### Data to use
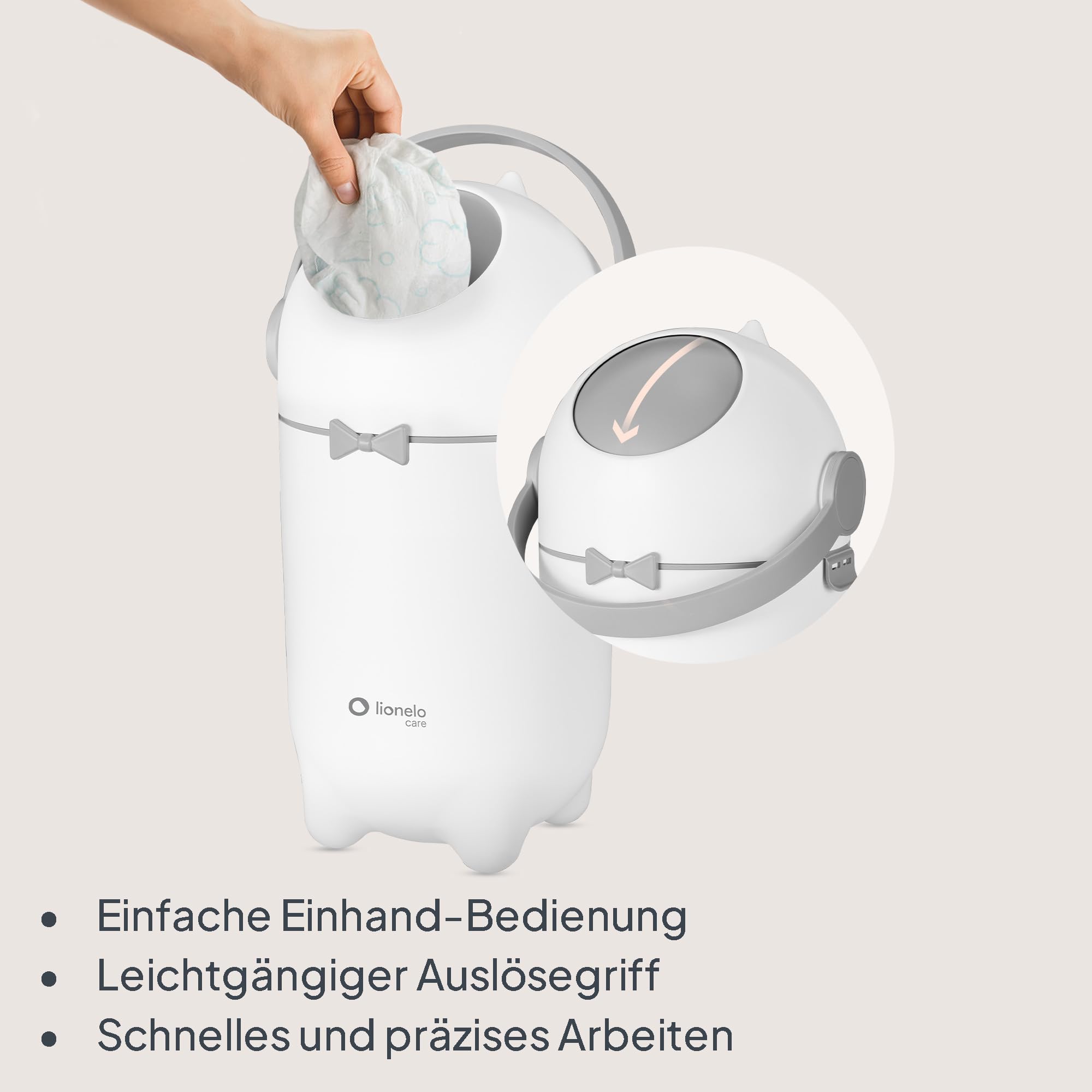 Lionelo Purebin – Windeleimer geruchsdicht, für universelle Beutel (ohne Kassette), Einhand-Bedienung, 10 L – hygienischer Windelbehälter für Babyzimmer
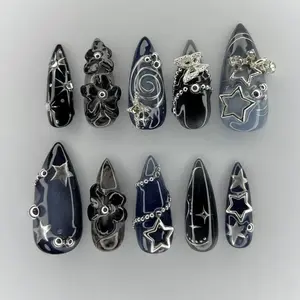 Dark Celestial Press On Nails / Star Galaxy Nails / Black Navy Cosmic Nails / Handmade Glossy Nail Art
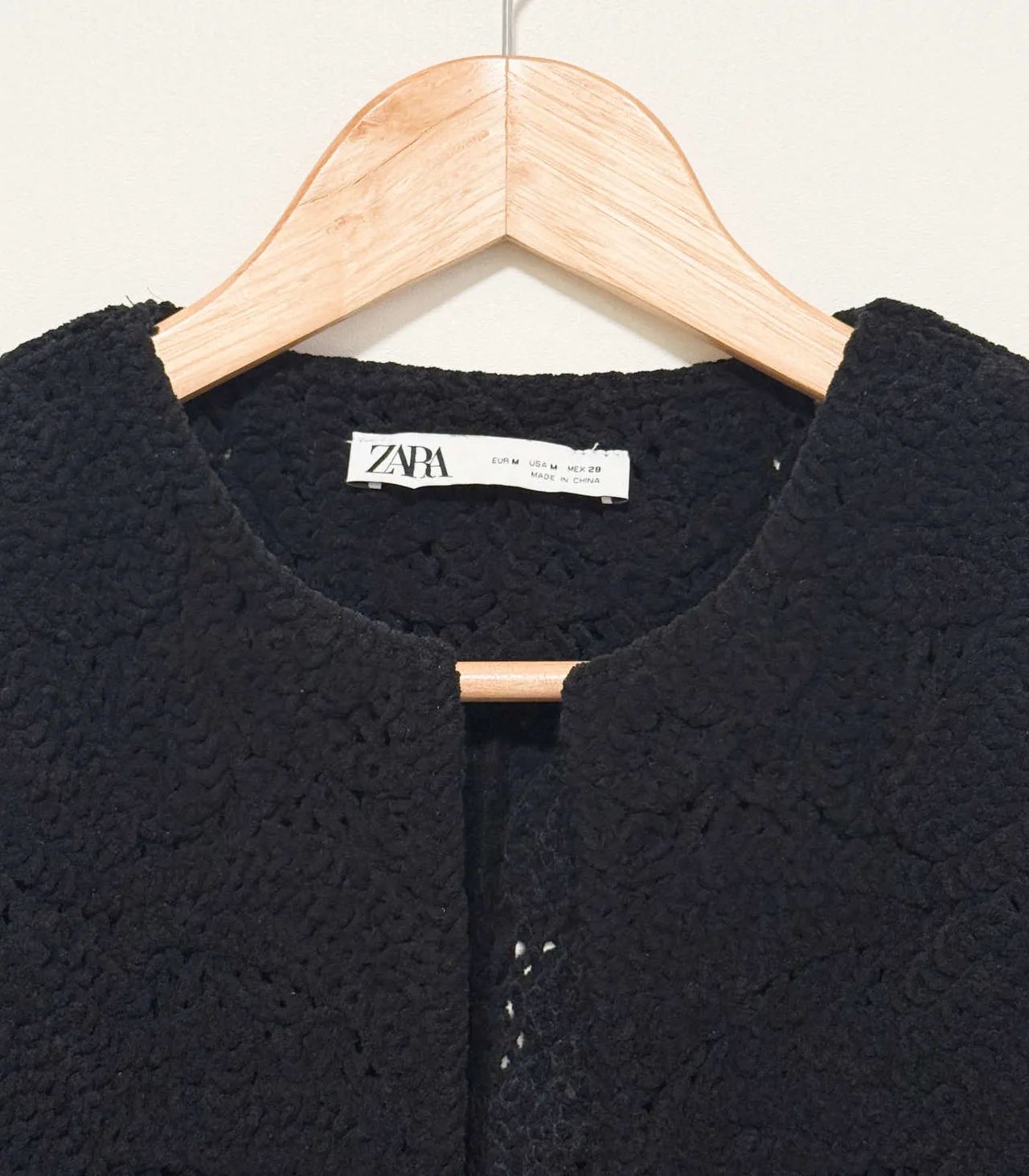 Zara Black Chenille Knit Oversized Open Jacket Cardigan - Medium — photo 7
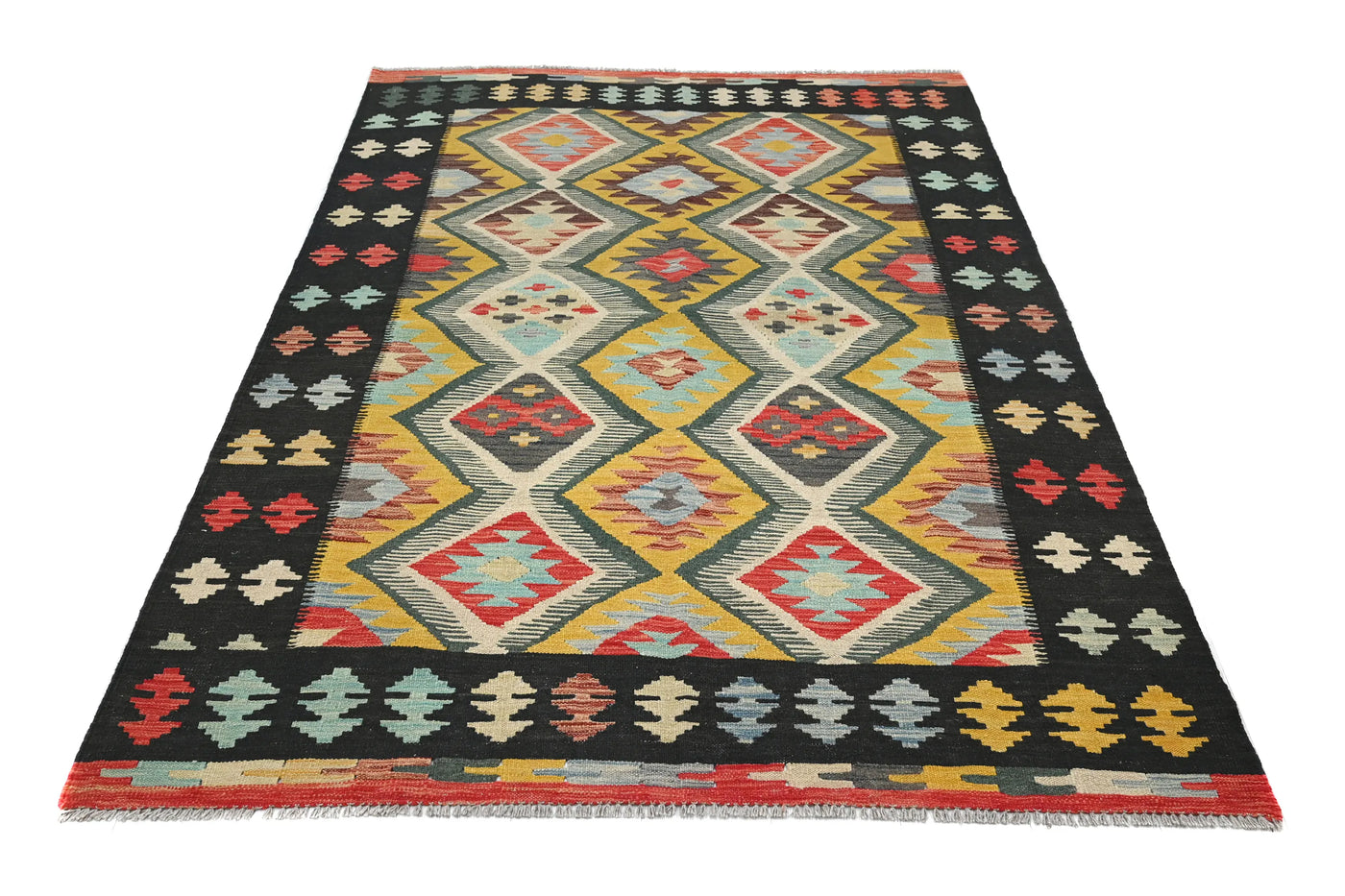 Kilim Afghan Rug – Navy Crest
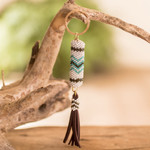 Beaded keychain and bag charm, 'Beautiful Sky' - Beaded Leather Keychain and Bag Charm Handmade in Guatemala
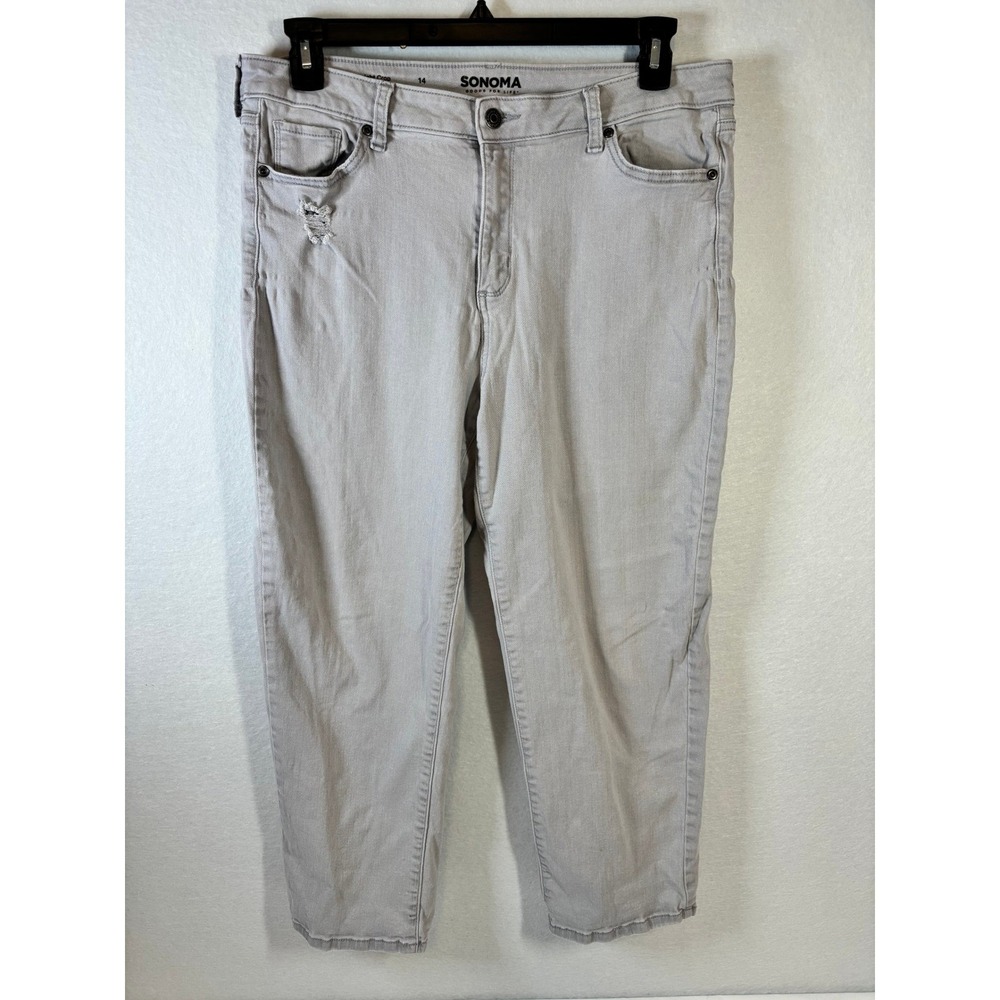 Sonoma Goods For Life Womens Straight Crop Jeans Gray Distressed Size 14
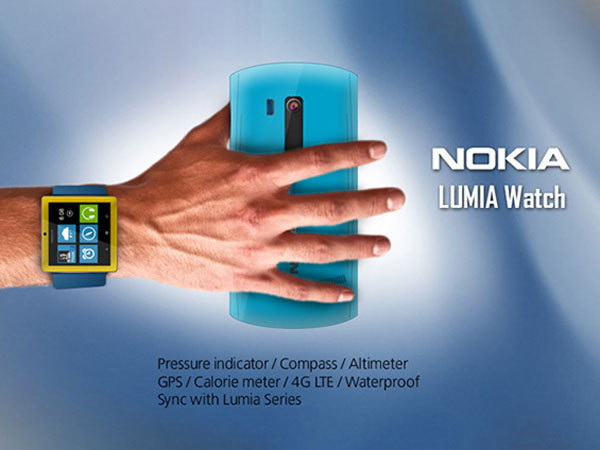 Nokia Lumia Watch для Windows-phone<br />
Компания Nokia решила не отставать от конкурентов и презентовала свой концепт умных часов под названием Nokia Lumia Watch. Наручный гаджет будет синхронизирован с телефонами Nokia Lumia и оснащен Bluetooth, GPS, модулем 4G LTE, камерой для видео звонков, цифровым компасом, датчиком давления, счётчиком калорий и даже высотомером. На сенсорном дисплее будет располагаться стандартный интерфейс для Windows-phone.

### Assigned task
Everything in the data above, apart from the pictures, should be retyped exactly.

### Response below
 Lionelo Purebin – Windeleimer geruchsdicht, für universelle Beutel (ohne Kassette), Einhand-Bedienung, 10 L – hygienischer Windelbehälter für Babyzimmer
 Dark Celestial Press On Nails / Star Galaxy Nails / Black Navy Cosmic Nails / Handmade Glossy Nail Art
 Zara Black Chenille Knit Oversized Open Jacket Cardigan - Medium — photo 7
 Kilim Afghan Rug – Navy Crest
 Beaded keychain and bag charm, 'Beautiful Sky' - Beaded Leather Keychain and Bag Charm Handmade in Guatemala
 Sonoma Goods For Life Womens Straight Crop Jeans Gray Distressed Size 14
 Nokia Lumia Watch для Windows-phone<br />
Компания Nokia решила не отставать от конкурентов и презентовала свой концепт умных часов под названием Nokia Lumia Watch. Наручный гаджет будет синхронизирован с телефонами Nokia Lumia и оснащен Bluetooth, GPS, модулем 4G LTE, камерой для видео звонков, цифровым компасом, датчиком давления, счётчиком калорий и даже высотомером. На сенсорном дисплее будет располагаться стандартный интерфейс для Windows-phone.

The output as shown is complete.